Nils (Stellan Skarsgård) doesn’t talk much. A snowplough driver by profession, and recently elected as the community’s ‘Man of the Year’, he’s more the kind of guy who skips the chitchat and gets right to the action – especially if he is upset, or angry, or both. And when his son suddenly dies of a heroin overdose, he is devastated and opts to take revenge.
His urge for personal vengeance soon becomes a dangerous threat not only for the gangsters responsible for his son’s death, who wrongly believed him to be engaged in a spurious drug scam. Rather, in the course of his investigations, he also shakes up the frosty relationship between the Norwegian drug Mafia and their Serbian opponents, which inevitably leads to a big showdown at Nils’s depot. To reveal much more of the story would take the fun out of Moland’s droll and deftly crafted crime thriller, but rest assured that the number of characters drops quickly once Nils gets into the flow of things.

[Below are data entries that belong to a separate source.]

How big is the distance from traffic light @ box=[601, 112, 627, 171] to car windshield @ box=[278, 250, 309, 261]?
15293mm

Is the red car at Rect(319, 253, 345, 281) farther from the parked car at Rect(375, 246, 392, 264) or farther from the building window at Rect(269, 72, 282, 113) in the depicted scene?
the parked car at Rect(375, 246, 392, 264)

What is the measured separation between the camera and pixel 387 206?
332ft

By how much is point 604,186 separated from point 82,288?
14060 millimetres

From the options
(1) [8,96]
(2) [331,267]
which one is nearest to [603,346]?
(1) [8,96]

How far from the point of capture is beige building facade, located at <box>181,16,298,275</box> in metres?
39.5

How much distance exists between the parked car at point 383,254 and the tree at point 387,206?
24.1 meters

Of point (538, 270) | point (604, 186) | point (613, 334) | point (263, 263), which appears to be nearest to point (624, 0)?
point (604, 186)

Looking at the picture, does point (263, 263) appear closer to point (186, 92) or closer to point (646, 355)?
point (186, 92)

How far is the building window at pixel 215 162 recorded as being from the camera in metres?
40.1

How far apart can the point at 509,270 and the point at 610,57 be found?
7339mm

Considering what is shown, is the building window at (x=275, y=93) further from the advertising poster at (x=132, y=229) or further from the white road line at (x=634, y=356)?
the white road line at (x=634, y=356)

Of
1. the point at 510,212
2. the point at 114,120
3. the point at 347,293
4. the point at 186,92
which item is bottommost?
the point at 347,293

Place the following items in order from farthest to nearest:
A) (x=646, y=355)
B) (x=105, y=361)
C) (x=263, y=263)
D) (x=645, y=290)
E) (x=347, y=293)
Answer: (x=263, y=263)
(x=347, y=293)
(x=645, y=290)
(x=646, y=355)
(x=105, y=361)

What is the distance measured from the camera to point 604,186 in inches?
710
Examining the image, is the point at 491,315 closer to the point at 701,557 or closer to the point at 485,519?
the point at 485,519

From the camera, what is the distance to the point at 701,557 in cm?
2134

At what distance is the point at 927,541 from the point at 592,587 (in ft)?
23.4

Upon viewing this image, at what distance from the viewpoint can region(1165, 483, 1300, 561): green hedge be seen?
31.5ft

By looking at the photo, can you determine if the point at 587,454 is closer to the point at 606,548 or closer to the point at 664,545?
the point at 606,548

Although the filmmaking is assured and the pace correspondingly brisk, keeping in line with its hero’s spirit, there is no denying that Moland reworks a well-tested formula here, which places his playful slice of Nordic noir at risk of running idle. He occasionally tries too hard to exploit the winning (and sometimes worrisome) simple-mindedness of some of the villains, while the initially amusing structure of the film (each death on screen is marked with an intertitle of a cross and the victim’s name) somewhat looses momentum towards the end. But you have to give it to Skarsgård for keeping a perfectly straight face throughout, while Moland makes excellent use of the crisp, snowy landscape that, as ever, serves as an appropriate setting for a staggering war of revenge.